BCR::ABL1 – RTPCR

OVERVIEW

Standard RT-PCR is reserved for patients not harbouring a transcript variant amenable to monitoring via QRT-PCR. Sensitivity of this assay has not been specifically determined and likely varies between transcript variants.  RT-PCR is generally first initiated by the laboratory in response to a negative QRT-PCR test on a patient with demonstrated t(9;22).  Subsequent to the formal identification of the transcript variant in question, follow-up monitoring is performed by this method.  Invariably, results are reported qualitatively as either positive or negative for the presence of the transcript variant in question.

INDICATION

1. Laboratory initiated reflex test in patients with demonstrated t(9;22) positive disease (diagnosis either by FISH or karyotype) and a negative QRT-PCR test.
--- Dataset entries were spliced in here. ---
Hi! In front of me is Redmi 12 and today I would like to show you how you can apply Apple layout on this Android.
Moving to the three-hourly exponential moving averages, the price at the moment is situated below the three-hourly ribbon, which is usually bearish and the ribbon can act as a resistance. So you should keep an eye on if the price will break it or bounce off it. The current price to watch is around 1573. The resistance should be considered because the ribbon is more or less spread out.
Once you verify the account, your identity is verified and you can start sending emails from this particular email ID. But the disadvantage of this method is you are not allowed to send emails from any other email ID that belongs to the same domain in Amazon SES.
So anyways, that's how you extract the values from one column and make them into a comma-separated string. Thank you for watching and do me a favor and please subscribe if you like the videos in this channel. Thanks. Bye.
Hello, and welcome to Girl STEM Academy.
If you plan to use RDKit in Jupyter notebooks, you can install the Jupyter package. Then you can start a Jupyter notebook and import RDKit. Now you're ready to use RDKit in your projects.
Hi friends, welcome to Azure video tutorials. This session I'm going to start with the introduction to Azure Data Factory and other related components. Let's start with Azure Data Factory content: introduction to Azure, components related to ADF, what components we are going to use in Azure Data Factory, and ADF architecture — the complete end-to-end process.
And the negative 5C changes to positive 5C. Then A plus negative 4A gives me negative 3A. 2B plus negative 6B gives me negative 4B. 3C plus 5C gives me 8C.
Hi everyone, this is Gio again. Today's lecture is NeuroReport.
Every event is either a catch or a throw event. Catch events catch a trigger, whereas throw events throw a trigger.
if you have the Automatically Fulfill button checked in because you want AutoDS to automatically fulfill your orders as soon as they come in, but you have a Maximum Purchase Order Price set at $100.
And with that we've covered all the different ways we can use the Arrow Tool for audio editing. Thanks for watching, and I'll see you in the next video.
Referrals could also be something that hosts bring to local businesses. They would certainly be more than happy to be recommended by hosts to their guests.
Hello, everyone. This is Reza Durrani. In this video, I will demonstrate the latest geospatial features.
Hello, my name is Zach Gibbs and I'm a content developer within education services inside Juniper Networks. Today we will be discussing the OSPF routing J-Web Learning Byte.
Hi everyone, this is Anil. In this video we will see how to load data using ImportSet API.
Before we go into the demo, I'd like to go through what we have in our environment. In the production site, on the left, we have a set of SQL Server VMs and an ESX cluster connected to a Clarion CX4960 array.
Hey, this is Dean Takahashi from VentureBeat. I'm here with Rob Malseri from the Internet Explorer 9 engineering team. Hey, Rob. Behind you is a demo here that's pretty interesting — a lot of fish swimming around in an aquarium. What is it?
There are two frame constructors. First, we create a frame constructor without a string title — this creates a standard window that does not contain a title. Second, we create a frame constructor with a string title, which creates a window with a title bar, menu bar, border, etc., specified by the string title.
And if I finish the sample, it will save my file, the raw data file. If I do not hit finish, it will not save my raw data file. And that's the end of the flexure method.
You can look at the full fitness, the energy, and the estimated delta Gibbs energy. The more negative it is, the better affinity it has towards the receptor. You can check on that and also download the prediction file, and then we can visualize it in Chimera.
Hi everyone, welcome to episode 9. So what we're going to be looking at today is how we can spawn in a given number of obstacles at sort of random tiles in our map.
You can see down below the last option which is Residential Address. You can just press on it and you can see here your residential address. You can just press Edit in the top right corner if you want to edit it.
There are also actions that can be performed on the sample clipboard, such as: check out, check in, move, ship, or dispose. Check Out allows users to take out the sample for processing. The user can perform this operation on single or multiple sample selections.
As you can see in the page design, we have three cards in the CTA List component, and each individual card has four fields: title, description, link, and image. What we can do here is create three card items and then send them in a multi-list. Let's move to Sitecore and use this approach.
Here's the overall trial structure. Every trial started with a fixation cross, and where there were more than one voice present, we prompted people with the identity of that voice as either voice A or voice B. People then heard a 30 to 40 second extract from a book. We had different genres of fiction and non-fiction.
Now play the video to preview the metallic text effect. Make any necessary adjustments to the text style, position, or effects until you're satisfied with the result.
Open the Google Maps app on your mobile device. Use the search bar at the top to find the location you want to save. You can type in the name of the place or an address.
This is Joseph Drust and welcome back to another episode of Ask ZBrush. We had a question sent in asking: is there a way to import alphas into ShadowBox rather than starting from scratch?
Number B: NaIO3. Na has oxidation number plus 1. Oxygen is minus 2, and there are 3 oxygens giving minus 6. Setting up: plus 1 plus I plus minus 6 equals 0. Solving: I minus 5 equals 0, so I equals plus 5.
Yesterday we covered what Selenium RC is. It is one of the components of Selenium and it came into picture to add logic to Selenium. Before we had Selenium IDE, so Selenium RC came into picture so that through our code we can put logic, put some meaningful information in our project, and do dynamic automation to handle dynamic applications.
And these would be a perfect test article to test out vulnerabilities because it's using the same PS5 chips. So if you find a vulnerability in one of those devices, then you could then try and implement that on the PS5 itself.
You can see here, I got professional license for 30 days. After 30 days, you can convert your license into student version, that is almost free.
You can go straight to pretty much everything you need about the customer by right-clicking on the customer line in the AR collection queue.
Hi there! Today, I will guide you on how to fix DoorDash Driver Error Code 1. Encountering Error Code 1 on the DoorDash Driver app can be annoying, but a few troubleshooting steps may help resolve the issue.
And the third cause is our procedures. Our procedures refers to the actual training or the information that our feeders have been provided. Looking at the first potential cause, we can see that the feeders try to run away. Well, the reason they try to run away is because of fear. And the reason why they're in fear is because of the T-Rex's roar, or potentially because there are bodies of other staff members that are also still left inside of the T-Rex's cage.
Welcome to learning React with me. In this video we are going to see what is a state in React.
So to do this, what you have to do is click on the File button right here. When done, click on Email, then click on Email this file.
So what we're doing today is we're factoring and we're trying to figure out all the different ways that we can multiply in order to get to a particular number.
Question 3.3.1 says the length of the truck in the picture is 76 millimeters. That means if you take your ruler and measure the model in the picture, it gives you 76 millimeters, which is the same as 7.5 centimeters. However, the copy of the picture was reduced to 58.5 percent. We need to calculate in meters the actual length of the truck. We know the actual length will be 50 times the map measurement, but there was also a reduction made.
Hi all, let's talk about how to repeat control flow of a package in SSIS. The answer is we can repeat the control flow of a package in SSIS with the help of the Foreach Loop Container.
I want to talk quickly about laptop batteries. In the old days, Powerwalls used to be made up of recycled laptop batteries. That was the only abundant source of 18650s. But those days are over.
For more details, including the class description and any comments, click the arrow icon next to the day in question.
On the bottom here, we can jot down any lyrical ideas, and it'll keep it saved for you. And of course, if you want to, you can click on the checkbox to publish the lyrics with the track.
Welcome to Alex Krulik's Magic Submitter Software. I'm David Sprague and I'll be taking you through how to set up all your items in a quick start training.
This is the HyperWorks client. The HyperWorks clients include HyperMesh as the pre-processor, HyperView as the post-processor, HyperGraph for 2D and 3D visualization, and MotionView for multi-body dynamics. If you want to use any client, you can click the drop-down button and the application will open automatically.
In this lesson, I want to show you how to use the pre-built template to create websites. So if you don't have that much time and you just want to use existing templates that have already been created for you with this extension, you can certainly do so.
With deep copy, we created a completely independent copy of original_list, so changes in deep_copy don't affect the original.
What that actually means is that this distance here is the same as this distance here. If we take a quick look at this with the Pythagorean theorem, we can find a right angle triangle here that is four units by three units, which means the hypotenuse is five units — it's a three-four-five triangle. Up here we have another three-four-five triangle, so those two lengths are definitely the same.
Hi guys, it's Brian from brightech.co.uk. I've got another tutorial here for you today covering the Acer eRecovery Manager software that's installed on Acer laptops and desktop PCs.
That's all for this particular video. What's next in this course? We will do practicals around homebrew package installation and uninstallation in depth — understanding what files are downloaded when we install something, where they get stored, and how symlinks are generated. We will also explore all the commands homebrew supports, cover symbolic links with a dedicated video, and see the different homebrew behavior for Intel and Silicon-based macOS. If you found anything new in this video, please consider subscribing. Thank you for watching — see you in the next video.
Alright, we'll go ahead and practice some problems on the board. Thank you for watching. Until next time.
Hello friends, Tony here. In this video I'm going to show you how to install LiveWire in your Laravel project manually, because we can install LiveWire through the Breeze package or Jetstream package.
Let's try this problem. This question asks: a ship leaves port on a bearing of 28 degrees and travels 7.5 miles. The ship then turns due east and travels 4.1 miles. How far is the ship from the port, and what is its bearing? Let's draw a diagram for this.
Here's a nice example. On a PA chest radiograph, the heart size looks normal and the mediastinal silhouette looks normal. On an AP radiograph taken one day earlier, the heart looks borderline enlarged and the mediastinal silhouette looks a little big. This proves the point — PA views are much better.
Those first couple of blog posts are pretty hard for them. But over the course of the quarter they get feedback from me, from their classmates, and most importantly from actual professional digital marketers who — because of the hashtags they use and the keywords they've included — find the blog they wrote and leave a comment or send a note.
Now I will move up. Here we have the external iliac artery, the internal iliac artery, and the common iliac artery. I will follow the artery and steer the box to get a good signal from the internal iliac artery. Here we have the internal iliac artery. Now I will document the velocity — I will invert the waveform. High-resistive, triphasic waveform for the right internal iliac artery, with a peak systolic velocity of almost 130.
2. Follow-up test for monitoring of minimal residual disease (or measurable residual disease).

The following testing interval applies to follow-up testing.  Specimens received by the laboratory outside of these intervals, without prior consultation, will be discarded.

  1. Patients treated with a TKI
    • Every three months, indefinitely
  2. Patients who discontinue treatment for a limited time due to planned (or unplanned) events
    • Every month, until resumption of therapy (to a maximum of one year)
    • After one year, monitoring transitions to every three months indefinitely
  3. Post-transplant patients not being treated with a TKI
    • Monitoring is at the discretion of the treating physician.
  4. For any scenario not covered above, please contact the laboratory in order to come to a mutually agreeable testing interval.

REFERRAL

Any treating physician.

TEST REQUIREMENTS

  1. Completed CGL Myeloid Testing requisition form [link]
  2. One of the following specimens (please see our Guidelines/Policies for Samples and Transport)

Preferred:

  1. 20mL Peripheral Blood in EDTA tubes (purple top)

Alternative:

  • 5mL Bone marrow aspirate in EDTA tubes (purple top) 
    • Peripheral blood derived white blood cells fixed in methanol/acetic acid (residual cytogenetic specimen)
    • Bone marrow specimen fixed in methanol/acetic acid (residual cytogenetic specimen)

Figure 1: Requisition entries for RT-PCR testing of CML patients. Note that RT-PCR is not a routinely orderable test at diagnosis.

TRANSPORT

Click here for guidelines on transporting specimens.

METHOD

Total RNA is extracted from the submitted specimen and converted to cDNA (random primed reverse transcription – RT) for subsequent PCR. Both the BCR::ABL1 and ABL1 RT-PCR products are visualized (and sized) via electrophoresis (TapeStation) and reported qualitatively (e.g. Positive, Negative, etc).

CLINICAL UTILITY

At diagnosis, RT-PCR positivity is equivalent to the identification of t(9;22) by FISH. Subsequent MRD monitoring will follow the breakpoint identified by this test.

TURN AROUND TIME

Results are reported within ten working days from receipt of specimen and completed requisition form.